It should not be exposed in any way to the guest except when using ACPI
tables, that will contain the appropriate value.

>> AMD guest IOMMU: AFAICT this seems to be currently disabled, since the
>> MMIO range it checks is [~0ULL, ~0ULL + 0x8000]. There is a function to
>> change the base address ~0ULL to something else, but it doesn't seem to
>> be reachable from any path. In any case, I guess the presence of this
>> device will be reported from ACPI.
> 
> Yes, the implementation is incomplete (abandoned?), but IOMMU
> presence can always be determined by the guest through
> inspecting its ACPI tables.
> 
>> So, we have the following devices that are assumed to be there: RTC,
>> PIC, PIT. Everything else I think can be signalled by other means
>> already available.
>>
>> IMHO, I think we could say that the PIC is never going to be available
>> to HVMlite guests (in any case we would enable the lapic/ioapic), and
>> maybe enable the RTC and PIT by default?
> 
> That may be a sane initial setup, but with the ACPI flags named
> above we may be able to expressed even their absence.

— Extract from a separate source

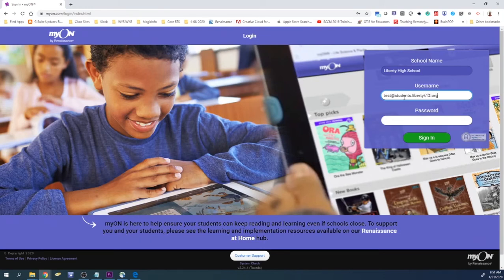And then in the password field, you want to type in the same password that you used to log into the computers at school.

I still think we should probably enable those, because they tend to be
used very early on boot, before parsing ACPI tables, and in general are
considered to be always there on PCs.

Also, in order to be able to express their absence we would have to
provide ACPI tables to DomUs, which IMHO, is not something we wish to do
right now.

>> Then I think we could get away without any Xen-specific way of reporting
>> enabled devices.
> 
> Indeed - that should be the preferred goal.

Thanks for the feedback, Roger.
Roger Pau Monné Jan. 22, 2016, 2:59 p.m. UTC | #6
El 22/01/16 a les 14.34, Andrew Cooper ha escrit:
> On 22/01/16 12:43, Roger Pau Monné wrote:
>> El 22/01/16 a les 11.57, Jan Beulich ha escrit:
>>>>>> On 21.01.16 at 17:51, <roger.pau@citrix.com> wrote:
>>>> Add a new HVM-specific feature flag that signals the presence of a bitmap
>>>> that contains the current set of enabled emulated devices. The bitmap is
>>>> placed in the ecx register. The bit fields used in the bitmap are the same
>>>> as the ones used in the xen_arch_domainconfig emulation_flags field, and
>>>> their meaning can be found at arch-x86/xen.h.
>>>>
>>>> This will allow Xen to enable emulated devices for HVMlite guests in the
>>>> future, by having a proper ABI for reporting which devices are enabled.
>>> The idea is certainly nice and appreciated, but ...
>>>
>>>> --- a/xen/include/public/arch-x86/cpuid.h
>>>> +++ b/xen/include/public/arch-x86/cpuid.h
>>>> @@ -78,12 +78,17 @@
>>>>   * HVM-specific features
>>>>   * EAX: Features
>>>>   * EBX: vcpu id (iff EAX has XEN_HVM_CPUID_VCPU_ID_PRESENT flag)
>>>> + * ECX: bitmap of enabled devices, according to the bit fields defined in
>>>> + *      arch-x86/xen.h.
>>> ... this set of definitions is not currently a stable ABI (limited to
>>> hypervisor and tool stack), and if we wanted to make it stable
>>> we'd first need to think a little about the complications that may
>>> arise if the granularity chosen (think about the PM bit and the
>>> discussion around it before your changes went in) turns out to
>>> be a problem later on.
>> Yes, in fact I'm having second thoughts on the PM flag, and I think I
>> should have split it into ACPI_PM and ACPI_TIMER instead.
>>
>>> Also at least some of the features can be determined by other
>>> means (CPUID, ACPI tables), so I'm not even sure we need all
>>> of this, and I'd really prefer to avoid multiple distinct ways to
>>> learn of a certain feature, as it's too easy for the two (or more)
>>> mechanisms to get out of sync.
>> So let's look at the flags and whether there's an existing way to signal
>> it's presence:
>>
>> LAPIC: CPUID.01h:EDX[bit 9]
>> IOAPIC: tied to LAPIC (so either both enabled or none).
> 
> An IOAPIC is by no means required - they are only for turning legacy
> interrupts into MSIs.  It would be perfectly fine for a PVH domain to
> have an LAPIC and an SRIOV virtual function, without an IOAPIC at all.
> 
> The presence of LAPICs and IOAPICs reside in the MADT ACPI table.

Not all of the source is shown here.